- _Given information_
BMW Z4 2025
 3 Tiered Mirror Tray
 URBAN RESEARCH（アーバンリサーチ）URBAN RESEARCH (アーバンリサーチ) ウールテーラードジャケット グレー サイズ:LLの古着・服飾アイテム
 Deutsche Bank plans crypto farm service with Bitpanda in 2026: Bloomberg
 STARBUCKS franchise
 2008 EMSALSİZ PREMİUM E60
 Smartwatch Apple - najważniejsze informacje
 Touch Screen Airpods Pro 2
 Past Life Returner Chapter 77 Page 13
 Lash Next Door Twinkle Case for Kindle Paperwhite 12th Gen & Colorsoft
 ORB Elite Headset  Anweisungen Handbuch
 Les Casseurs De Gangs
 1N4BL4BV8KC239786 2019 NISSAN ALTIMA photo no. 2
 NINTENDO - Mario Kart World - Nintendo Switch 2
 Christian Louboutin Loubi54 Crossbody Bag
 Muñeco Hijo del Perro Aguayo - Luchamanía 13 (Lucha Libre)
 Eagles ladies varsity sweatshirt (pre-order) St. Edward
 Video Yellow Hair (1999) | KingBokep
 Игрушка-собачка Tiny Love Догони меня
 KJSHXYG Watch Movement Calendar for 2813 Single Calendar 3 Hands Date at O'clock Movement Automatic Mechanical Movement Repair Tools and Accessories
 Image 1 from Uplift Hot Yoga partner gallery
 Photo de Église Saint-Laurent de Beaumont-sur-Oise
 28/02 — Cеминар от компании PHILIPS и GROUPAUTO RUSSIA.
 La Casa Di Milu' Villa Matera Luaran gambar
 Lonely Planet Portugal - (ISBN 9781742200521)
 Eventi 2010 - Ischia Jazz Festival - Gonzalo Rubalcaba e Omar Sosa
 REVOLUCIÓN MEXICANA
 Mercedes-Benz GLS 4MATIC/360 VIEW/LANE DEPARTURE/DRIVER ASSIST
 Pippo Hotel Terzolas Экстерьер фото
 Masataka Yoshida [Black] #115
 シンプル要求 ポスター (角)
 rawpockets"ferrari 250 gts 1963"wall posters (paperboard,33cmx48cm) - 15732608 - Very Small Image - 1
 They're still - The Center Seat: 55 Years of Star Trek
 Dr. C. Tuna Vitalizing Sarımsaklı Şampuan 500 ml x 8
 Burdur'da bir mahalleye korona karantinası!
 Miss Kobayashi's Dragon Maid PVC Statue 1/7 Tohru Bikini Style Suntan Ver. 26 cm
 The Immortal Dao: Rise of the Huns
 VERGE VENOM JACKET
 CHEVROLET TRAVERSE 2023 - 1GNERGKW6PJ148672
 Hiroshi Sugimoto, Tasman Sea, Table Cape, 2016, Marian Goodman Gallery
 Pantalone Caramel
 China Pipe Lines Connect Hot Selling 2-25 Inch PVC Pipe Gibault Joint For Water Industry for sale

- _What is required_
For this exercise, output exactly the lines above from the line with "Lash Next Door" to the line with "28/02 — Cеминар", counting both, and leave out the rest.

- _Exercise result_
 Lash Next Door Twinkle Case for Kindle Paperwhite 12th Gen & Colorsoft
 ORB Elite Headset  Anweisungen Handbuch
 Les Casseurs De Gangs
 1N4BL4BV8KC239786 2019 NISSAN ALTIMA photo no. 2
 NINTENDO - Mario Kart World - Nintendo Switch 2
 Christian Louboutin Loubi54 Crossbody Bag
 Muñeco Hijo del Perro Aguayo - Luchamanía 13 (Lucha Libre)
 Eagles ladies varsity sweatshirt (pre-order) St. Edward
 Video Yellow Hair (1999) | KingBokep
 Игрушка-собачка Tiny Love Догони меня
 KJSHXYG Watch Movement Calendar for 2813 Single Calendar 3 Hands Date at O'clock Movement Automatic Mechanical Movement Repair Tools and Accessories
 Image 1 from Uplift Hot Yoga partner gallery
 Photo de Église Saint-Laurent de Beaumont-sur-Oise
 28/02 — Cеминар от компании PHILIPS и GROUPAUTO RUSSIA.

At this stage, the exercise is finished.